Understanding URL structure

A Uniform Resource Locator (URL) is the web address used to locate and access resources on the Internet. It provides both humans and search engines with a clear roadmap to where specific content lives on a website. A well-structured URL improves both usability and SEO.

Just for beginners who are new to understanding URLs, a URL is made up of the following components:

Example URL:

https://www.example.com/services/digital-marketing/seo/saas-seo

  • Protocol: Indicates the method of access and security protocol used.
    Example: https:// (secure) or http:// (not secure)
  • Domain name: The primary web address or hostname of the website.
    Example: www.example.com

    Note on using “www” in URLs
    In this blog, all example URLs include the www. prefix (e.g., https://www.example.com). However, using www is not mandatory for SEO. You can structure your site with or without it - both are valid from a ranking perspective. The key is consistency. Pick one version and stick to it across all pages.
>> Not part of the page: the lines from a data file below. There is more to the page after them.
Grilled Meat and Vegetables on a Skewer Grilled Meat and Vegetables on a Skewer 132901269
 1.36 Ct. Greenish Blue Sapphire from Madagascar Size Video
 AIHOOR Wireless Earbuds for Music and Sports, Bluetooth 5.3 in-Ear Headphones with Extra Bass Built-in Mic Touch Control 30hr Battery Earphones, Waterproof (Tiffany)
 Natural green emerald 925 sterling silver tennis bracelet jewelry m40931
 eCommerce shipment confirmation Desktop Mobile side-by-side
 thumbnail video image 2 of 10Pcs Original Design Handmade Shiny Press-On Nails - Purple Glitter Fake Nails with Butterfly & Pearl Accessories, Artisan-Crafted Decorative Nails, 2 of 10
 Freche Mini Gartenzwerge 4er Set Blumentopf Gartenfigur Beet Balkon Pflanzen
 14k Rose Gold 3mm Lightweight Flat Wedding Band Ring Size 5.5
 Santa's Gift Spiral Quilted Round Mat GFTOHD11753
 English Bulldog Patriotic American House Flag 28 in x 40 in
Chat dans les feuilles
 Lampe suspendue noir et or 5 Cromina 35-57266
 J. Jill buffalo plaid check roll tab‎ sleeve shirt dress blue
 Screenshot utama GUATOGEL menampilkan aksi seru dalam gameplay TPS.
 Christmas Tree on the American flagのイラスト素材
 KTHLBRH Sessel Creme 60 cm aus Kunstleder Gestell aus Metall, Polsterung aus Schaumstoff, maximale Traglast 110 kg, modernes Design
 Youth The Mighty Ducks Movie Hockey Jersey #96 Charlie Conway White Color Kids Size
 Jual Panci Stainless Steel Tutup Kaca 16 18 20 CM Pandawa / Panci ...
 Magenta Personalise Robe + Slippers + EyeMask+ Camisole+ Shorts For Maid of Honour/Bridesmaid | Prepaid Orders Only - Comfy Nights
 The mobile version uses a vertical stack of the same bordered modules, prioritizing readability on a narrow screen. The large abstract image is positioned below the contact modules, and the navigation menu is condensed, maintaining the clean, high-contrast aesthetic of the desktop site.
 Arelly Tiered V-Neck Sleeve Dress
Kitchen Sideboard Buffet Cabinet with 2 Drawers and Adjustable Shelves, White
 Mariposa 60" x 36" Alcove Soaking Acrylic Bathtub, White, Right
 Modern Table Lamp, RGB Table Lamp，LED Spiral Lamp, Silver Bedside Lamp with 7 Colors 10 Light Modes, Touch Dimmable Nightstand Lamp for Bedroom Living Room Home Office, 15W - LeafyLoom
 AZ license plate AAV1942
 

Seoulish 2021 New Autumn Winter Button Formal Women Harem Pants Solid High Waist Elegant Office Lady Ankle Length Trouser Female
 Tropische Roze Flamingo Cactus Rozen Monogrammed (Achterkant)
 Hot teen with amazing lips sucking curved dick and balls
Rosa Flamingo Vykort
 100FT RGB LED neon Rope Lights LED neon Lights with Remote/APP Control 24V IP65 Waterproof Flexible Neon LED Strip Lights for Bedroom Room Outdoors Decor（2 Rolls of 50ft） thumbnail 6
Also, configure redirects and set your preferred version in tools like Google Search Console to avoid duplicate content issues and preserve ranking authority.
  • Top-level domain (TLD): The domain suffix that identifies the domain category or geographic area.
    Example: .com, .net, .edu, .org, .gov, .in, .info, etc.
  • Category: The first directory level that groups broad content types.
    Example: services, resources, products, solutions, blog, etc.
  • Sub-category: A narrower directory that further organizes content within the category.
    Example: digital-marketing
  • Pillar page: The immediate higher-level page to which the current content belongs.
    Example: seo
  • Slug: The specific identifier for the content or page, typically written in a descriptive and keyword-rich format.
    Example: saas-seo

Top 16 SEO URL best practices for better rankings

Below is an explanation of the top 16 best practices to create SEO-friendly URLs that enhance search visibility, improve user experience, and align with modern ranking signals. Following these tips will help ensure your URLs are clean, relevant, and optimized.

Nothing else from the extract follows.